This essay was originally published in The Washington Post. Additional pictures are posted on their website and also in a separate story published on The Huffington Post.
It’s 6:30 a.m. and the sun is starting to peek out over the horizon. I take another gulp of my coffee, and leave the keys with the valet outside the hospital. I check my camera, making sure I have a formatted memory card and fresh batteries in my flash.
As I grab my bag from the back seat, I can’t help but notice the mismatched socks, leftover granola wrappers, and wrinkled school fliers that litter my car. I take a deep breath, thankful that my kids’ seats are empty. I’m not at the hospital for them this morning. I’m there for 4-year-old Phoebe.

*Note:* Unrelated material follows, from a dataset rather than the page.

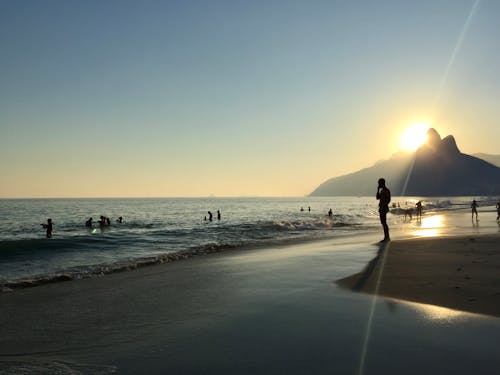 Silhouette of People Walking on Beach during Sunset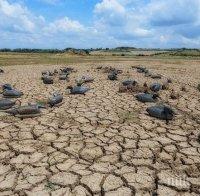 Предсказание! До 15-години суша в Испания и Португалия до края на века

About four years ago, I started taking pictures of sick kids. I look for smiles in hospital rooms and look past IV poles in hopes of capturing the fleeting moments of carefree childhoods that exist alongside tragic diagnoses and crippling test results. I look for little hands grasping onto hospital beds as toddlers take their first steps in brightly decorated triage rooms. My heart skips a beat when I see an older sister smile at a younger sibling, knowing that siblings, too, suffer when their loved ones are sick.
In the age of social media, it is easy to run across pictures and stories of kids facing devastating odds and feel helpless. As I stood by Phoebe’s bedside that day, I felt that way, too. Phoebe had been recently diagnosed with DIPG, an aggressive brain tumor. While there are treatments to improve her quality of life, the long-term prognosis is tragically grim.
Only 4 percent of all cancer funding is earmarked for childhood cancer research. And in the past 20 years, only three new pediatric cancer-specific drugs have been developed. This month, when you see pictures on Facebook reminding you that September is childhood cancer awareness month, please don’t just get sad. Get involved.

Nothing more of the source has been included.